The net force is $1.07 \times {10}^{11} N$, acting to the right.

Explanation:

We solve this problem by separately calculating the force acting on the $4 C$ charge due to each of the other two charges, then add them together. In this, I will assume the line referred to is measured in metres.

First, the force due to the $- 1 C$ charge. I will call this ${F}_{1}$

${F}_{1} = \left(\frac{1}{4 \pi {\epsilon}_{o}}\right) \left(\frac{{q}_{1} {q}_{2}}{r} ^ 2\right) = \frac{\left(9 \times {10}^{9}\right) \left(1\right) \left(4\right)}{6} ^ 2 = 1 \times {10}^{9} N$

(Notice I have deliberately left out the signs on the charges. This is because I prefer to let the formulas determine the magnitude of the force. I already know the direction. Since these are unlike charges, they attract. So, ${F}_{1}$ points toward the $- 1 C$ charge - the to left.)

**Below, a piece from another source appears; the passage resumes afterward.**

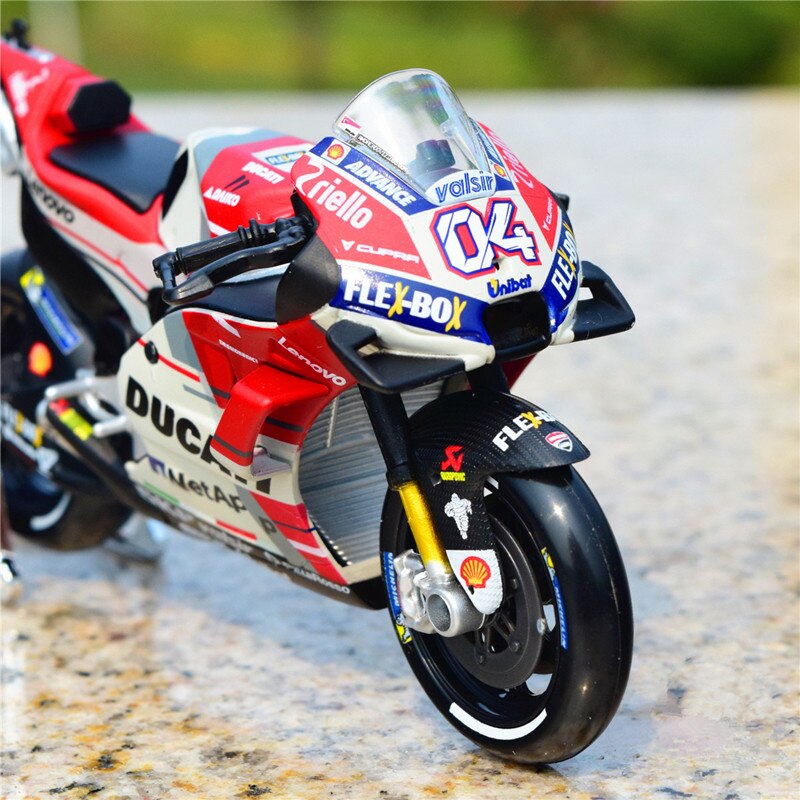 Maisto 1:18 2018 GP Racing Desmosedici RR Factory Racing Team 04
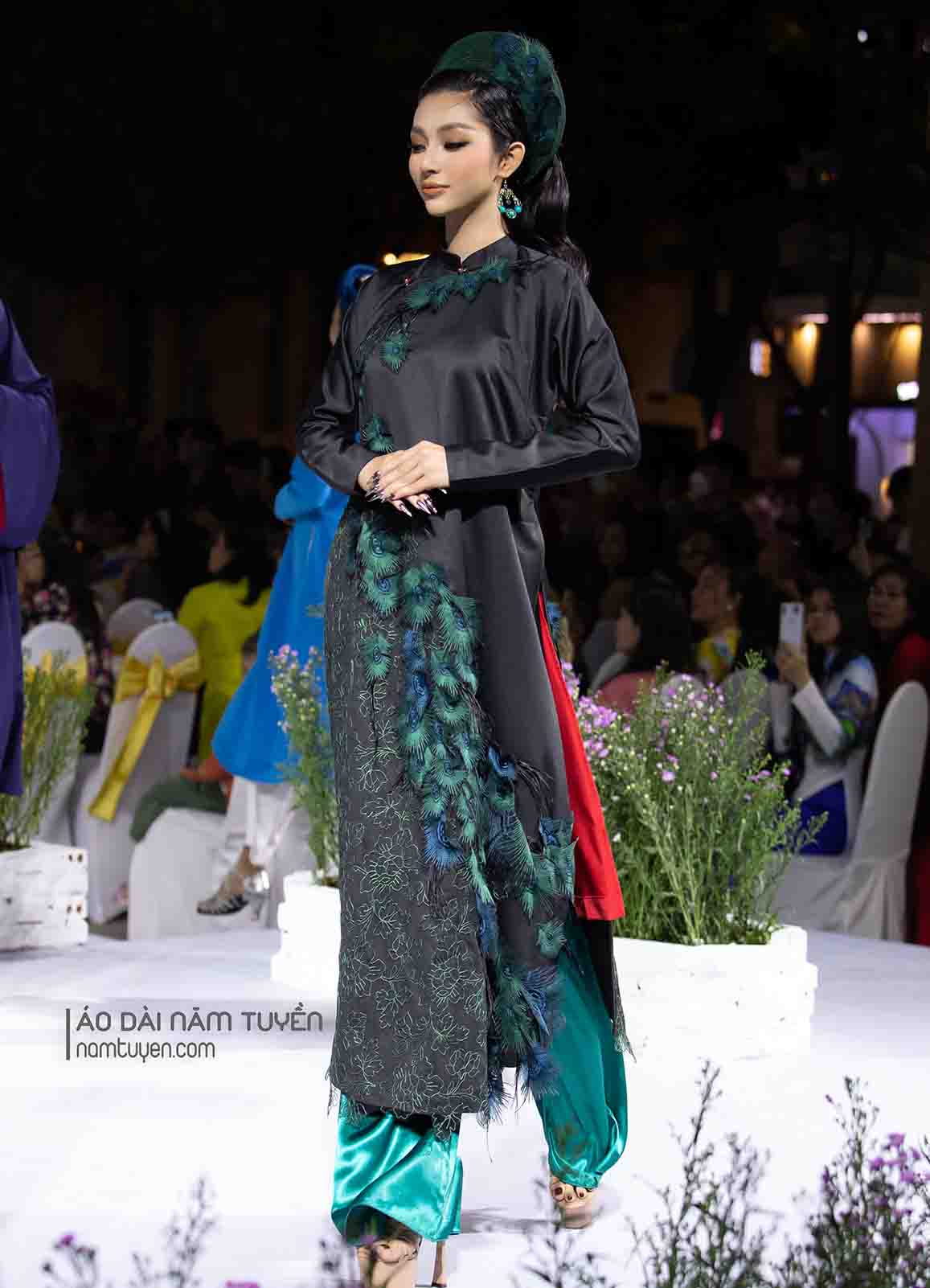 Áo dài nữ ngũ thân truyền thống họa tiết lông công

Next ${F}_{3}$, the force due to the $3 C$ charge

${F}_{1} = \left(\frac{1}{4 \pi {\epsilon}_{o}}\right) \left(\frac{{q}_{1} {q}_{2}}{r} ^ 2\right) = \frac{\left(9 \times {10}^{9}\right) \left(3\right) \left(4\right)}{1} ^ 2 = 1.08 \times {10}^{11} N$

This force acts toward the $- 3 C$ charge, meaning to the right.

Since the two forces act in opposite directions, we subtract the two values to get the net force

$1.08 \times {10}^{11} N - 1 \times {10}^{9} N = 1.07 \times {10}^{11} N$, acting to the right.